Composition 3 Example number Solvent (E / A / G) Effective Sensitivity (mJ / cm ² ) Resolution (μm) Solubility Example 13 10/90/0 20 0.15 O Example 14 20/80/0 20 0.15 O Example 15 40/60/0 23 0.15 O Example 16 20/78/2 20 0.15 O Example 17 20/75/5 23 0.15 O Example 18 60/40/0 23 0.15 O Example 19 75/25/0 19 0.15 O Comparative Example 4 0/100/0 20 0.15 Ｘ Comparative Example 5 0/98/2 20 0.15 Ｘ Comparative Example 6 0/95/5 21.5 0.15 Ｘ

As is evident from the table, the resist composition of the example has better solubility in comparison with the comparative example without deposition of the resin at a low temperature of -15 ° C without deteriorating the balance of performance.

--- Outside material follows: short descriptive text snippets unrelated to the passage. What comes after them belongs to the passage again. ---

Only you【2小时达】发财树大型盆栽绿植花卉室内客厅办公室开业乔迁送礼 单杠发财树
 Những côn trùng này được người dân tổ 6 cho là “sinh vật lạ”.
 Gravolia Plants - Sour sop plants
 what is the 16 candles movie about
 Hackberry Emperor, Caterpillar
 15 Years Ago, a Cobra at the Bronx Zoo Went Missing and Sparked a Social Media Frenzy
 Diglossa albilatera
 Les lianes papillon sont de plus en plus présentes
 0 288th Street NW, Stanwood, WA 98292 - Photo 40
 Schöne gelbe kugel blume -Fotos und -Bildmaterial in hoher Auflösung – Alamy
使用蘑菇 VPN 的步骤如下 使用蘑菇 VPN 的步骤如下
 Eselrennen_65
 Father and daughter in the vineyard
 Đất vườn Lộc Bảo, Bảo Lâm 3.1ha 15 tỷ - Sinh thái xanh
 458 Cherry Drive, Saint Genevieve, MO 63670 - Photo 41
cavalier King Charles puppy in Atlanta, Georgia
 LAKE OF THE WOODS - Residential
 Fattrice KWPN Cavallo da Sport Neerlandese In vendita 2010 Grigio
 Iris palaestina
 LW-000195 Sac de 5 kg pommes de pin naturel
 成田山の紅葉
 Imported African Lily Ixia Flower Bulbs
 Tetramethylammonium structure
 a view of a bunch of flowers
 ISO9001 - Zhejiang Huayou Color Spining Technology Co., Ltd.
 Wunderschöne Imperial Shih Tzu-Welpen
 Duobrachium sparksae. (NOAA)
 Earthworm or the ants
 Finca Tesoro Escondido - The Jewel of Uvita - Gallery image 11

The resist composition of the present invention exhibits well balanced performance in terms of resolution and sensitivity and has satisfactory solubility. Therefore, the resist composition of the present invention is suitable for use as a positive resist composition. Accordingly, the compositions of the present invention are suitable for exposures in which KrF excimer lasers, KrF excimer lasers and the like are used to provide resist patterns, in particular positive resist patterns, with high performance.

Claims (9)

Resins, propylene glycol monomethyl ethers, methyl 2-hydroxyisobutyrate and 3-methoxy-, which have structural units of formula 1 and which are themselves insoluble or slightly soluble in aqueous alkali solutions but are soluble in aqueous alkaline solutions by the action of acids. A resist composition comprising a solvent containing at least one solvent selected from the group consisting of 1-butanol and an acid generator. Formula 1 In the above formula, R ¹ is hydrogen or methyl, R ² is hydrogen or hydroxyl. The method of claim 1 wherein the solvent is at least 10% by weight of a propylene glycol monomethyl ether, at least 40% by weight of methyl 2-hydroxyisobutyrate or at least 10% by weight of 3-methoxy-1-butanol A composition comprising a solvent. The composition of claim 1, wherein the solvent further contains one or more solvents selected from the group consisting of propylene glycol monomethyl ether acetate and 2-heptanone. The composition of claim 1 wherein R ² in the structural unit of formula 1 is hydrogen. The composition of claim 1 wherein the weight percent of resin is from 80 to 99.9 weight percent based on the total weight of resin and acid generator. The composition of claim 1 wherein the% content of structural units of formula 1 is from 5 to 50 weight percent in the resin. The composition of claim 1, wherein the resin further has a structural unit having a group that is cleaved by the action of an acid. 8. The composition of claim 7, wherein the structural unit having a group cleaved by the action of an acid is a structural unit derived from 2-alkyl-2-adamantyl (meth) acrylate. The composition of claim 1 further comprising a basic compound as a quenching agent.